Die Europäische Identität ist weitaus vielschichtiger und fordert eine Betrachtungsweise sowohl aus politischer, als auch aus kultureller Perspektive. Offiziell tauchte der Begriff erstmals im Jahre 1973 in der politischen Agenda der Europäischen Union auf. Das gemeinsame Erbe, die Bürgerrechte und die parlamentarische Demokratie der einzelnen Mitgliedsstaaten sind grundlegende Voraussetzungen für eine gemeinsame Zukunft, die trotz der nationalen Vielfalt angestrebt wird. 3 Auch die Kultur spielt durch ihre geistigen und emotionalen Erfahrungen eine besondere und wesentliche Rolle.
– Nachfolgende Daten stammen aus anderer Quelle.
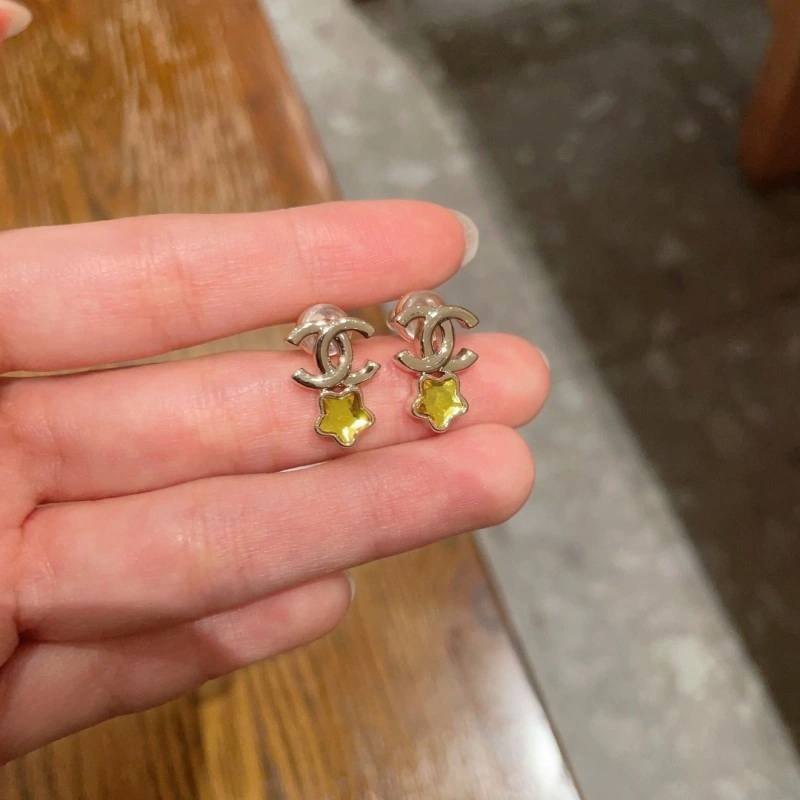 Chanel Earrings RelaxedFit 220173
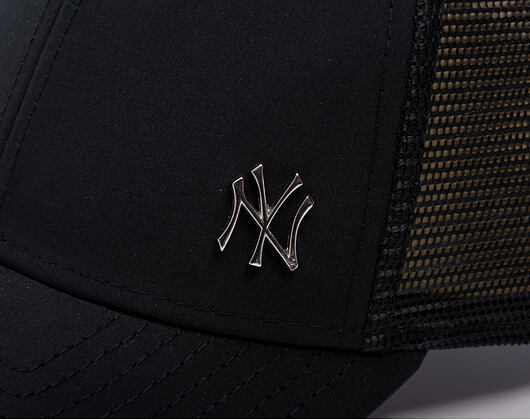 Kappe New Era - MLB Flawless 9FORTY - NY Yankees - Black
Als kulturelle Identität wird das Selbstverständnis eines Individuums, einer Gruppe oder Nation hinsichtlich ihrer Werte, Fähigkeiten und Gewohnheiten bezeichnet, wobei zwischen der sozialen (Familie, Klasse, ethnische Minderheit) und regionalen Ebene (bayerische, deutsche, europäische Kultur) differenziert werden muss. 4
2.2 Identität nach Göran Therborn
Göran Therborn beschreibt den Begriff „Ident ität“ als eine Kombination aus „Selbigkeit“ und „Andersheit“. Mit „Selbigkeit“ ist hier das Individuum oder die Gruppe an sich gemeint, welche sich auf Grund von Gemeinsamkeiten und gleichen Werten mit dem Kollektiv identifizieren. Die „Andersheit“ legt die Grenzen eines Kollektivs fest, d.h. sie beschreibt, inwiefern sich die Mitglieder des Kollektivs von ihrem sozialen Umfeld unterscheiden. Laut Therborn handelt es sich bei der Identitätsbildung um einen fortwährenden Prozess, der sich aus drei wesentlichen Komponenten zusammensetzt: Unterscheidung, Ausbildung eines Selbstbezugs oder Selbstbildes sowie Anerkennung durch andere.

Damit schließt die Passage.